Last week, Congress passed and the President signed the Emergency Economic Stabilization Act of 2008 (“the EESA”). Under the EESA, the Secretary of the Treasury is authorized to spend billions to purchase and manage “troubled assets” from financial institutions. These “troubled assets” developed from government-encouraged lending practices whereby mortgages were granted with practically zero down payments and minimal concern the about buyers’ monthly income relative to their monthly payment amounts. Americans bought McMansions they could not afford and the banks were left holding worthless commercial paper.

The debate over the EESA covered many subjects: executive compensation, the global economy, markets v. government planning, the importance of home ownership, etcetera. Strangely missing from the debate was any meaningful discussion of the constitutionality of the EESA. Whence does Congress derive the authority to give the Secretary of the Treasury the power to purchase and manage billions of dollars worth of private assets?

Questions of constitutionality are unfortunately given short shrift by our leaders. With any bill—especially one as momentous as the EESA—it should be the first question debated. The Constitution is the fundamental law of the United States. It was adopted not by state governments or legislatures, but by the people of the states assembled in convention and wielding sovereign authority. Hence, the Constitution is not merely a framework of government, but the final word of the people on what powers the federal government may and may not exercise.

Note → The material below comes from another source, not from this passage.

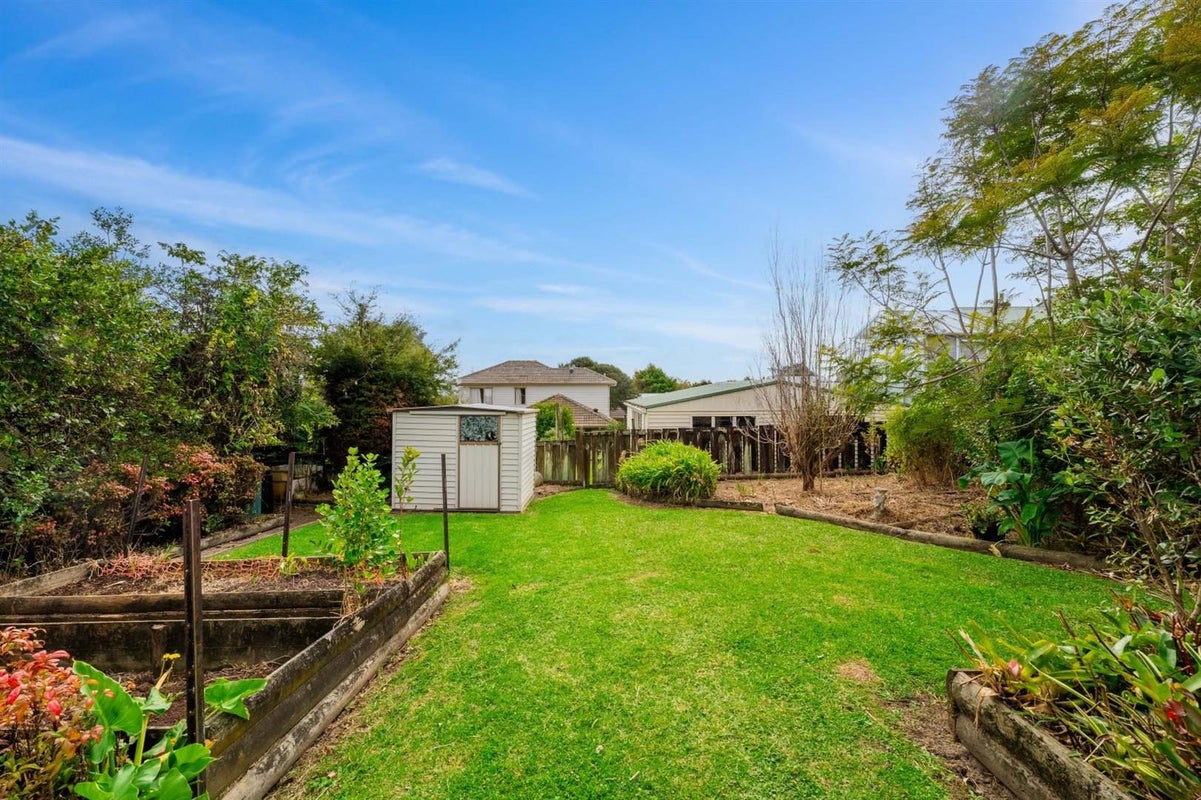 2/79 Hutchinson Avenue, New Lynn, Auckland - Carousel 17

Today, many Americans see issues of constitutionality as belonging to the courts. We must not forget, nor should our leaders, that all three branches of the national government (Congress, the President, and the judiciary) take an oath to support and defend the Constitution. Constitutional interpretation and fidelity are as much the business of Congress as they are the business of the judges.

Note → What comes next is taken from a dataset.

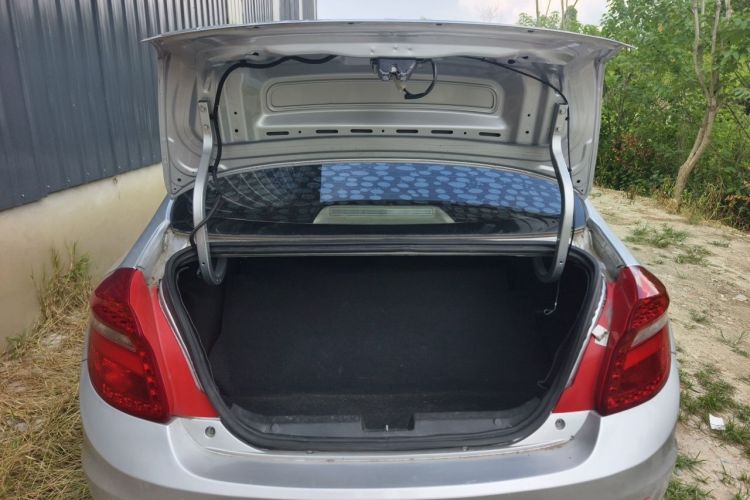 Used Chery E3 2015 1.5L Manual Qushang Edition Trunk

Congress’ powers are enumerated in Article I, Section 8 of the Constitution. A number of specific powers are listed (e.g., coining money, establishing a post office, raising armies), but nothing is mentioned about intervening in private markets and managing large portfolios of assets. According to James Madison, the powers of Congress were carefully enumerated so that the federal government “can only operate in certain cases.” Unfortunately, over the years Congress has become so used to exercising plenary authority that no one even discusses the basis of its power to act. Questions of constitutionality were not raised by congressional leaders, the mainstream media, or by the presidential campaigns of John McCain and Barack Obama. The people’s fundamental law received the silent treatment.

Enumerated powers aside, the national debate also ignored the EESA’s lack of standards for directing the broad grant of discretion to the Treasury Secretary. Even if one assumes that Congress may meddle in private markets at will, the method employed under the EESA is legally suspect. Under separation of powers principles, legislative power typically cannot be exercised by members of the executive branch or the judiciary. The Supreme Court, however, permits some delegation by Congress as long as Congress provides an “intelligible principle” to guide the executive branch officials. With the EESA, the Secretary of the Treasury is given czar-like power over a large segment of the private market. The purchase and management of bank assets is left to his best judgment. Congress’ delegation of power under the EESA raises serious separation-of-powers concerns and threatens to improperly mix legislative and executive authority.

Americans should be concerned that a constitutional discussion was completely absent from the national debate about the bailout package. The EESA is the largest government intervention in the private economy in the history of the United States—it makes FDR’s New Deal and President Truman’s seizure of the steel mills look like Mickey Mouse.

Before our leaders ever reached the pros and cons of the bailout, they should have carefully examined the Constitution and considered whether the people ever delegated such broad powers to the national government. Sadly, our fundamental law was never part of the discussion.

Undoubtedly, the bailout package will have long-term effects on the American economy. The greatest impact, however, is the loss of any real constraint on government power. If the Constitution is not consulted or debated when the government seeks to acquire and manage billions in private assets, then we may safely assume that there are no limits on Congress’ powers. Untrammeled government authority—not economic stabilization—will be the lasting legacy of this Wall Street bailout.